This is the web version of CEO Daily. Sign up here to get it delivered to your inbox.
Good morning. David Meyer here in Berlin, filling in for Alan.
What to do if you are attacked by online blackmailers? If you’re CD Projekt, the Polish studio behind the Witcher games and recent blockbuster Cyberpunk 2077the answer to the ransomware threat is openness.
This morning, CD Projekt announced on Twitter that someone had entered its internal network, stolen data, encrypted some systems, and left a ransom note – which the company also posted in the tweet. The attackers threatened to release CD Projekt Red’s source code online and give journalists internal documents related to accounting, investor relations, and so on.
“We will not give in to the demands, nor negotiate with the actor, as we are aware that this could eventually lead to the disclosure of the compromised data,” the company said, adding that it will affect both law enforcement and the Polish data protection authority. has informed. , even though it “at this time” does not believe that players ‘or users’ personal information has become entangled in the heist.
CD Projekt’s stock price fell a whopping 6% on the news, and the replies to the tweet also show a mix of glee and disbelief on the part of some gamers –Cyberpunk 2077The release was plagued with bugs on the PC and older consoles, so its reputation was already insecure.
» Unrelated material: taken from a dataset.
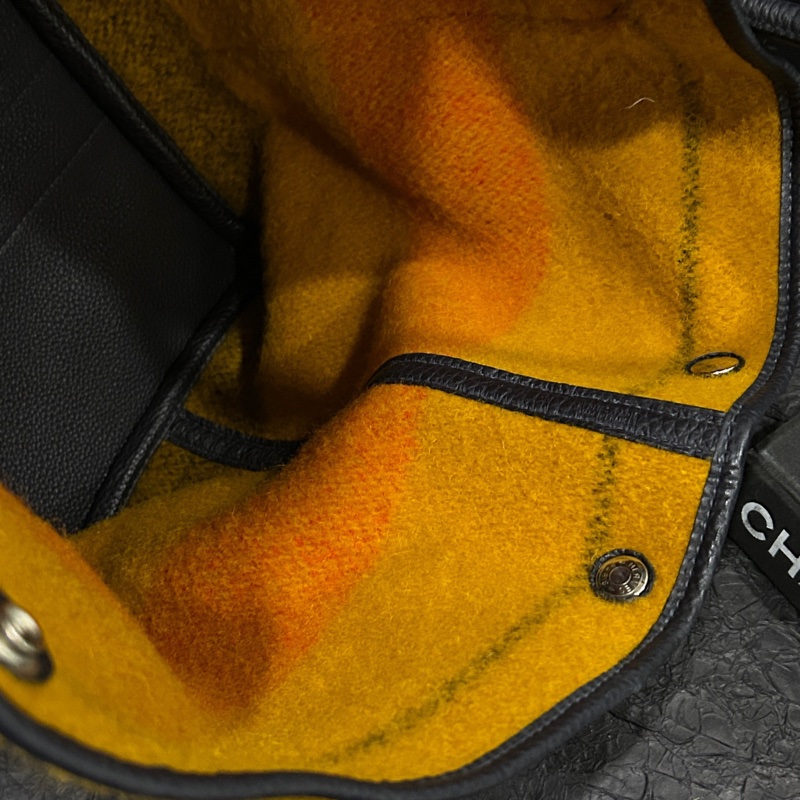 Hermes • Garden Party 36 彩虹毛呢拼皮花園包-7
Perhaps the company had no choice but to stay ahead of the news, given the additional reputational damage that could come from trying to cover up and find out about the breach.
But beyond this context, CD Projekt’s response seems to be correct. Downplaying the ransomware threat seems silly if it continues to grow at a rapid pace and if the extortionists are, shall we say, less than reliable.
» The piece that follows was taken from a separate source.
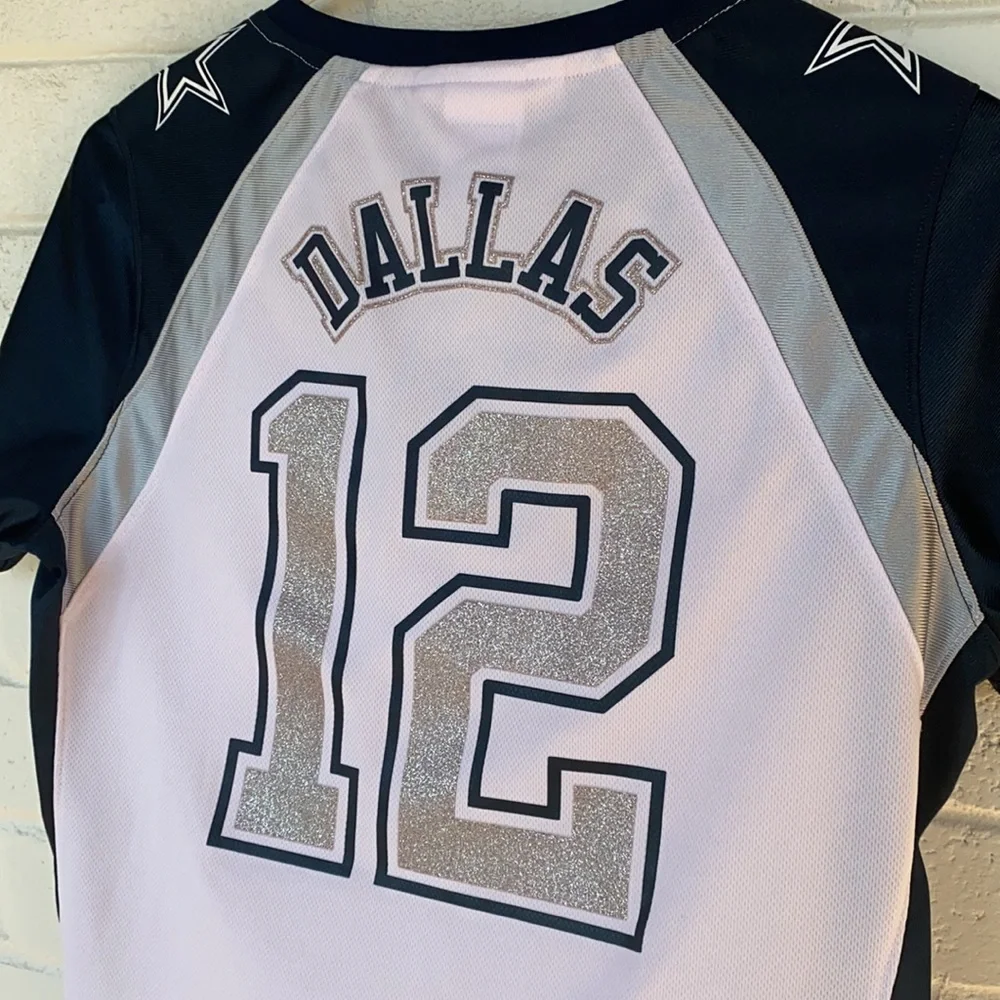 Dallas Cowboys Ladies Rhinestone NFL Football Shirt S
The cybersecurity firm Proofpoint released a survey yesterday that suggests two-thirds of US organizations were affected by ransomware infections last year, and more than half agreed to pay the ransom so they could quickly regain access to their data. But only 60% actually got that access after the first payment – the rest then got extra ransom, which paid most.
Probably wise for CD Projekt not to play the attacker’s game. More news below.